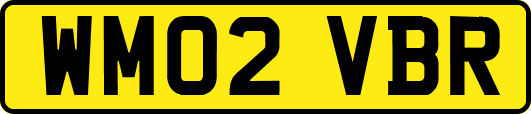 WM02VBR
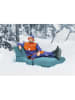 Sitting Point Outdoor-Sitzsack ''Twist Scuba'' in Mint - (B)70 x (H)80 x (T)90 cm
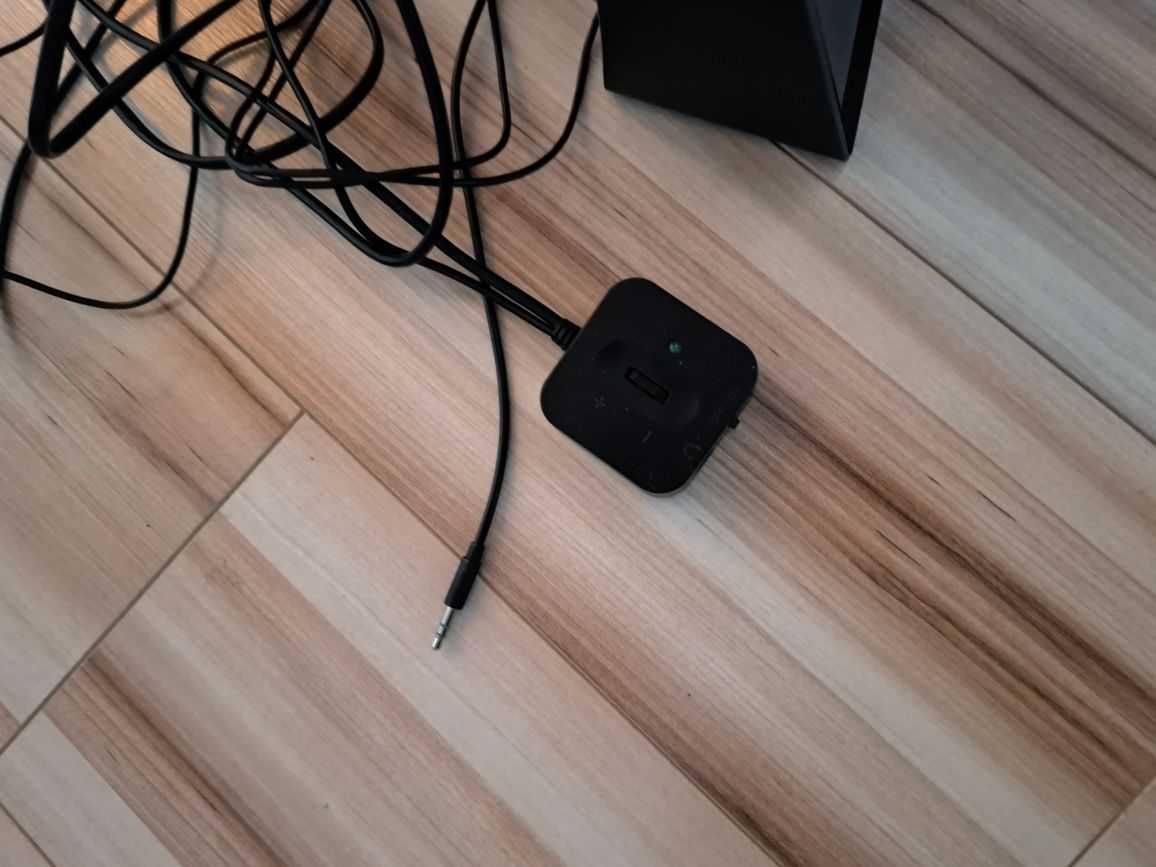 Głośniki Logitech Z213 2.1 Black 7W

^^^^

[Try it] Leaving out all pictures, transcribe the listing exactly.

[Result of the task]
 WM02VBR
 Sitting Point Outdoor-Sitzsack ''Twist Scuba'' in Mint - (B)70 x (H)80 x (T)90 cm
 Głośniki Logitech Z213 2.1 Black 7W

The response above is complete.